1. Conventional chemotherapy. It can be offered even before surgery to reduce the tumor and avoid metastasis. Currently, in the case of women with early breast cancers, there are different molecular analyses of the aggressiveness of each cancer once removed or biopsied, which recommend or discourage chemotherapy. This is managing to avoid unnecessary chemotherapy.
2. Surgery. Fewer mastectomies are becoming increasingly common, and when necessary, breast plastic reconstruction (immediate or deferred) is carried out by significantly reducing the stress or depression by the mutilation of such a sensitive and significant organ for a woman. Most of the interventions are already tumorectomys, in which only the tumor is removed and not all the breast, and even avoid extracting all the axillary lymph nodes by studying the sentinel node. This is usually the first affected by metastasis or micrometastasis and is located with image techniques in the armpit on the same side of the tumor. The earlier the diagnosis and the smaller the breast tumor, the lower the risk of axillary nodes affected by cancer. Currently, even at the microscopic level, the appearance of affected nodes in more than 20 or 30% of cases is not often frequent.
3. Post-surgery, dietary, and aesthetic physiotherapy. In our working group, at the 360th Center for Cancer Excellence in Genesis Carey Corachan Clinical, we incorporate physiotherapy, as well as the appropriate dietetics to avoid gaining or losing weight with treatments, and also the supervision of specialists in aesthetic medicine due to possible problems associated with chemotherapy, such as hair loss or alopecia, damaged nails or dry skin.
4. Oncological infirmary. Watch the administration of chemotherapy drugs at the Day Hospital, and give further explanations and resolve doubts.
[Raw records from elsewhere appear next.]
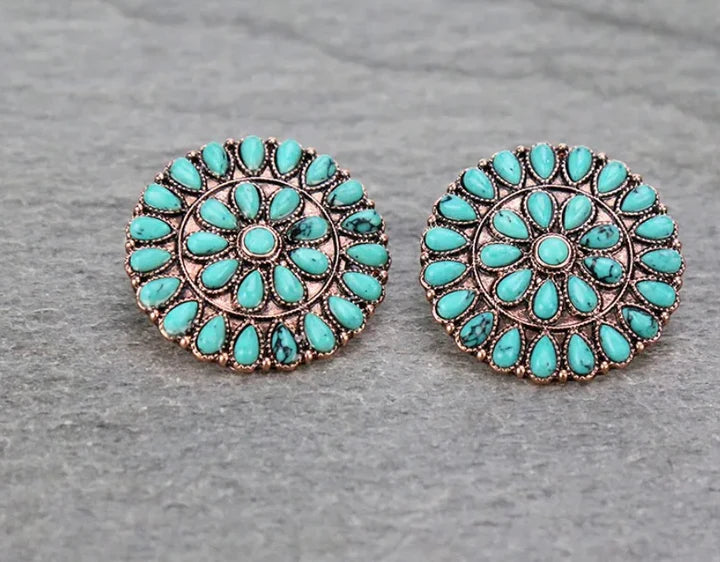 Jill Round Center Double Row Teardrop Cluster Post Earrings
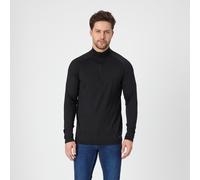Woolona Men's Bora' 100% Merino Wool 250gsm 1/4 Zip Long Sleeve Base Layer Top in Black | Size: Large Woolona Black L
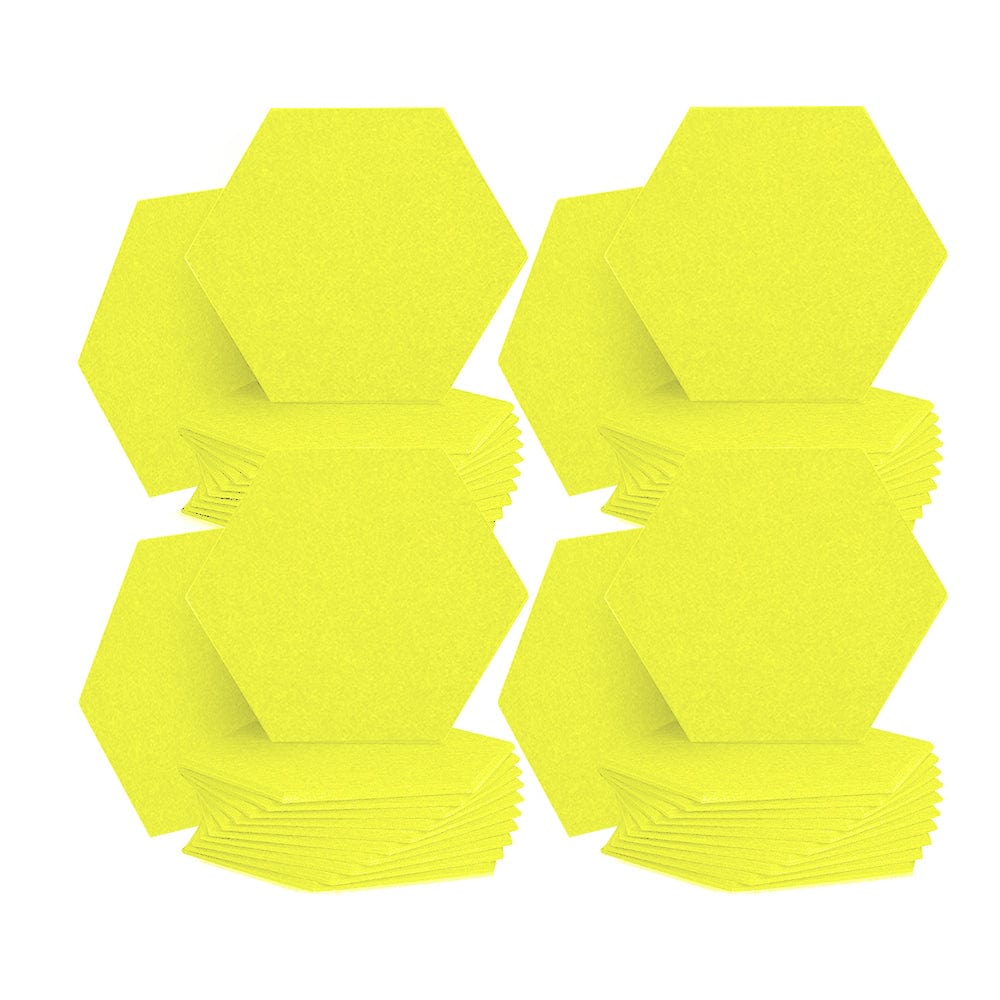 Arrowzoom Hexagon Felt Sound Absorbing Wall Panel - Solid Color - KK1224 Yellow / 48 pieces - 26 x 30 x 1cm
5. Psychooncology. A specialist with specific training in clinical psychology applied to the problem of cancer in the patient and his family environment.
6. Radiation therapy. Necessary as a complementary crazy-regional treatment, especially if a mastectomy is not performed and tumorectomy is only done. Radiation therapy is also effective as a soothing method in metastases and even directed in oligometastatic disease, i.e., with fewer metastases. With modern techniques such as those used in our center, it has been possible to reduce the overall time of radiation therapy treatment from between 4 and 6 weeks (every day) to 1 to 3 weeks maximum, with the same efficacy and safety results.
7. Hormonotherapy. It is given in pills or sometimes in injections in patients with hormone-sensitive tumors for 5 to 10 years after healing surgery, or chronically until the progression of the tumor disease is detected in patients with metastasis.
8. Customized treatment or directed to specific molecular targets of the tumor. The paradigmatic example is that of oncogen HER-2, which can be inhibited by specific monoclonal antibodies.